**The problem**
Return each line, exactly as given, from the one containing "Men's Yellow Oregon" through the end of the entries below, and skip the rest.

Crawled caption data

———

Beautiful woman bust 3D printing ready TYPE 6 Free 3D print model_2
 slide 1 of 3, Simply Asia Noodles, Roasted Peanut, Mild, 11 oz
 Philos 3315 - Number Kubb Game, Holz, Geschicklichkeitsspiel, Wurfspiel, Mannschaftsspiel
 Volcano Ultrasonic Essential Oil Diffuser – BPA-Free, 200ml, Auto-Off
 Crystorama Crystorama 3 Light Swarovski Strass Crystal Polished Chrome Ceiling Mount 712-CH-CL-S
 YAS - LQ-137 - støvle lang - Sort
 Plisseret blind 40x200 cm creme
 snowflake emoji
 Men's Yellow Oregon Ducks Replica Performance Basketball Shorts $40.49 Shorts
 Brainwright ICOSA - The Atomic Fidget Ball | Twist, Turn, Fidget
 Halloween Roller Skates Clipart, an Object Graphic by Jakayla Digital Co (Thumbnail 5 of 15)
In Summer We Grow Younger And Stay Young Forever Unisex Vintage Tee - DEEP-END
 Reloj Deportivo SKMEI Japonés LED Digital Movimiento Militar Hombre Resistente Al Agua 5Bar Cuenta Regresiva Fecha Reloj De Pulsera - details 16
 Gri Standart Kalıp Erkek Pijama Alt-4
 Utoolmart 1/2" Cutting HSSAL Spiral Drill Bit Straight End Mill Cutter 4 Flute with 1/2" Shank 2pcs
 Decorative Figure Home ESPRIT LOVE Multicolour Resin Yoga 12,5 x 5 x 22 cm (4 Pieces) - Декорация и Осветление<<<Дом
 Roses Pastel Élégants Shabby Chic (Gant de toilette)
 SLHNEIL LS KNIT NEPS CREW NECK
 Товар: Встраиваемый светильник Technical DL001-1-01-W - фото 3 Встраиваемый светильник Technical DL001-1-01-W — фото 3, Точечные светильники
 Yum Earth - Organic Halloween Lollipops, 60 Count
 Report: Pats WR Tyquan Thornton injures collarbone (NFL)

———

**Reply**
 Men's Yellow Oregon Ducks Replica Performance Basketball Shorts $40.49 Shorts
 Brainwright ICOSA - The Atomic Fidget Ball | Twist, Turn, Fidget
 Halloween Roller Skates Clipart, an Object Graphic by Jakayla Digital Co (Thumbnail 5 of 15)
In Summer We Grow Younger And Stay Young Forever Unisex Vintage Tee - DEEP-END
 Reloj Deportivo SKMEI Japonés LED Digital Movimiento Militar Hombre Resistente Al Agua 5Bar Cuenta Regresiva Fecha Reloj De Pulsera - details 16
 Gri Standart Kalıp Erkek Pijama Alt-4
 Utoolmart 1/2" Cutting HSSAL Spiral Drill Bit Straight End Mill Cutter 4 Flute with 1/2" Shank 2pcs
 Decorative Figure Home ESPRIT LOVE Multicolour Resin Yoga 12,5 x 5 x 22 cm (4 Pieces) - Декорация и Осветление<<<Дом
 Roses Pastel Élégants Shabby Chic (Gant de toilette)
 SLHNEIL LS KNIT NEPS CREW NECK
 Товар: Встраиваемый светильник Technical DL001-1-01-W - фото 3 Встраиваемый светильник Technical DL001-1-01-W — фото 3, Точечные светильники
 Yum Earth - Organic Halloween Lollipops, 60 Count
 Report: Pats WR Tyquan Thornton injures collarbone (NFL)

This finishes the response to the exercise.